Mullen maintains that model will arrive in the U.S.—in the second quarter of 2021. But it now also plans to sell a battery electric SUV, called the MX-05, in the second or third quarter of 2021. 

The initial delivery of several hundred units of the SUV would be followed with a “kickoff into full production in 2022,” it reported last week in a press release. Following that, it said it has access to “a portfolio of competitively priced vehicles” on three platforms, all fully electric or range-extended electric. 

Mullen MX-05 electric SUV

Mullen MX-05 electric SUV

The aluminum-framed, carbon-fiber-bodied K50—also called Dragonfly K50—is a great-looking coupe that Green Car Reports saw in person (and sat in) at the 2019 NY show, when it was already being produced and delivered in China. With 430 horsepower from dual 160-kw permanent-magnet electric motors, it claims a 4.6-second 0-60 mph acceleration and a top speed of 125 mph.

Mullen has assured us that in its U.S. form the K50 will include Pirelli P-Zero tires and Brembo brakes—indicators of a commitment to performance. And its liquid-cooled 78-kwh battery pack can DC fast charge at up to 140 kw for a 40-minute charge. Last year, driving range was estimated between 150 and 200 miles by EPA cycles, although the company is now advertising a 236-mile range. 

All of these models have a common thread: They are currently developed (or under development) and sold in China. Mullen claims that its business model reduces vehicle development from the industry-standard four years down to 17 months. Factoring in homologation, crash-testing, and DOT approvals, however, presents quite a task in that time window. 

The K50 is produced in China by CH-Auto. Mullen planned to homologate the K50 for the U.S., but not as a mere importer or sales organization. Through a process carefully planned around trade rules, it aimed to effectively ship cars over in larger modules for final assembly near Spokane, Washington.

Qiantu K50 by Mullen, 2019 New York auto show

Qiantu K50 by Mullen, 2019 New York auto show

That facility, signaled by an April, 2019 letter of intent—to employ 55 workers to assemble the K50 starting this year, then employ up to 860 by 2026—hasn’t yet been created. And while the company was eager to note last year that its vehicles would be U.S. assembled, a recent release boasting of the company's plans made no mention of that—or the Washington facility. 

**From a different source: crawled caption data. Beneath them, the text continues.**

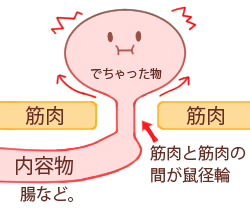 腸などが『脱出』した状態の図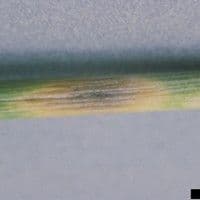 Septoriose da gluma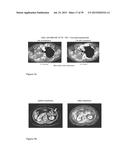 ADENOVIRAL VECTORS AND METHODS AND USES RELATED THERETO diagram and image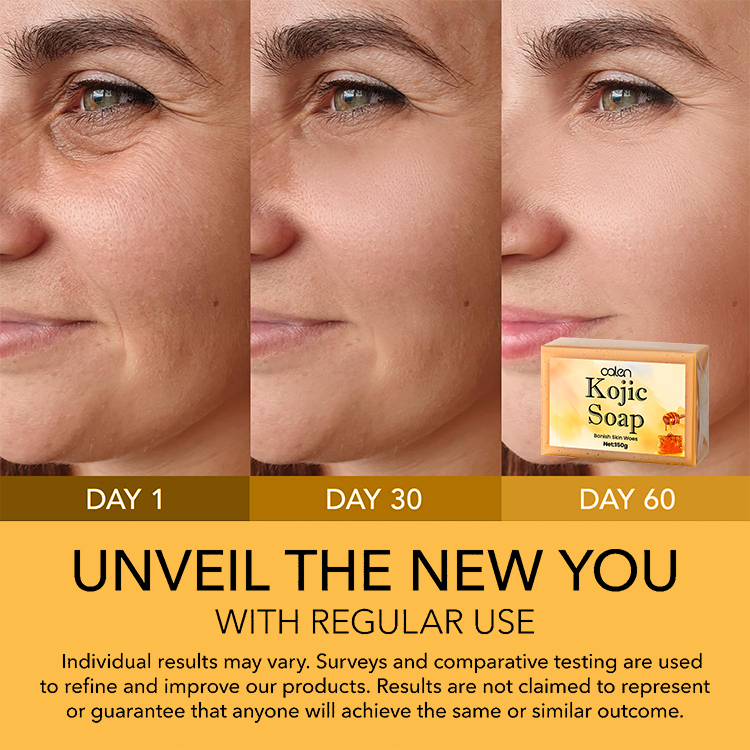 Oalen Private Label Skin Whitening Nature Honey Face Soap Handmade Soap For Acne,oalen cosmetics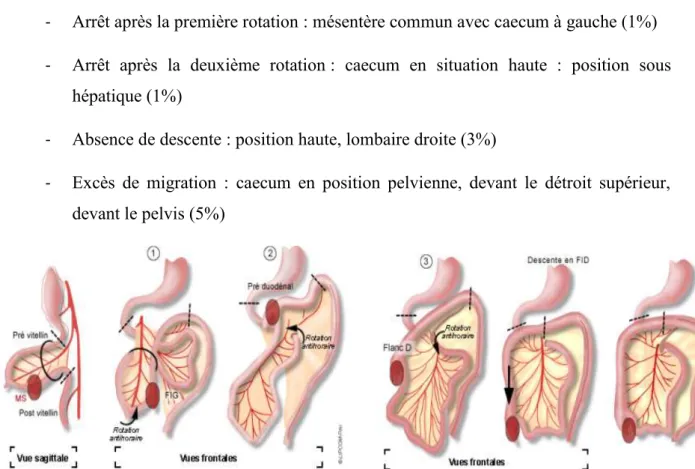 Figure 3 : développement embryonnaire de l'appendice 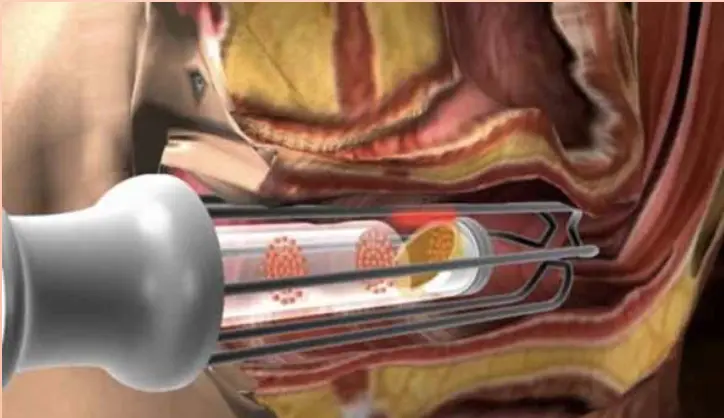 تجربتي مع عملية تضييق المهبل جراحيًا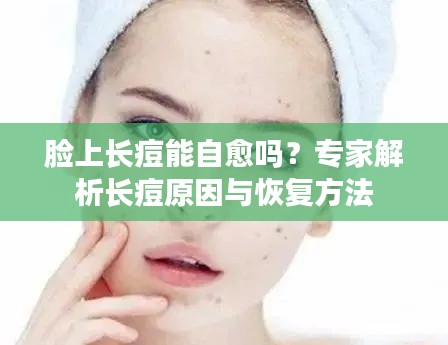 脸上长痘能自愈吗?专家解析长痘原因与恢复方法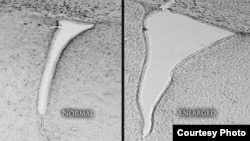 A mouse brain that was exposed to polluted air shows an enlarged lateral ventricle (right) compared with a mouse whose air was clean and filtered. Enlarged lateral ventricles are associated in humans with autism and schizophrenia. (University of Rochester Medical Center)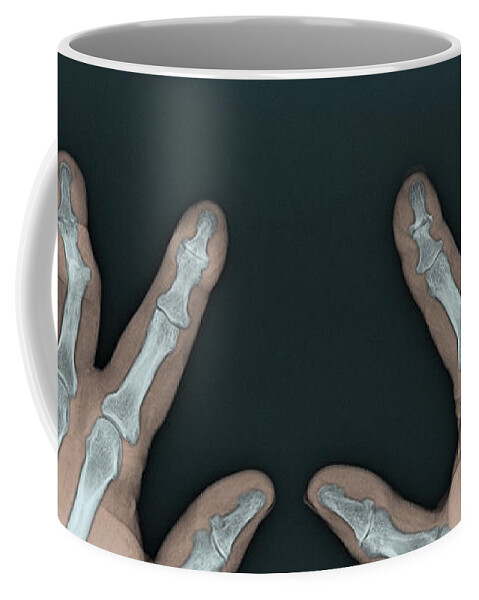 Abnormal Coffee Mug featuring the photograph Psoriatic Arthritis, X-ray #3 by Steven Needell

Privately-held Mullen Technologies appears to be planning to fund this at least partly through the stock market. Mullen and publicly traded Net Element, a Florida-based payment-services company, have announced that they’ve entered a letter of intent to perform a “stock-for-stock reverse merger”—effectively creating a publicly traded Mullen. 

Mullen already has a very different origin than other electric-vehicle startups. The company has eight brick-and-mortar used-car dealerships in California and one in Arizona, and it owns the car-sales site CarHub. All of these would be outlets for selling the new EVs.

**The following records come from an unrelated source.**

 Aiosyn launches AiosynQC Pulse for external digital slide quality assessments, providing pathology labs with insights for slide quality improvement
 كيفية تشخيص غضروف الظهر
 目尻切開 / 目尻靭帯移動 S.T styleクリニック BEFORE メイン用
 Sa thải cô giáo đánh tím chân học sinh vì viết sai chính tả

Mullen also holds the intellectual property of the former electric-car startup Coda, and it has stated that while it has no intent to revive Coda’s designs, Mullen plans to use that company’s battery management system in upcoming EVs. 

Green Car Reports has reached out repeatedly in recent days to see if pending tariff negotiations have affected the company’s manufacturing plans, who its Chinese partner company is for the MX-05 and other SUVs, and when its proposed merger will be complete. We’ll update this piece when we hear back.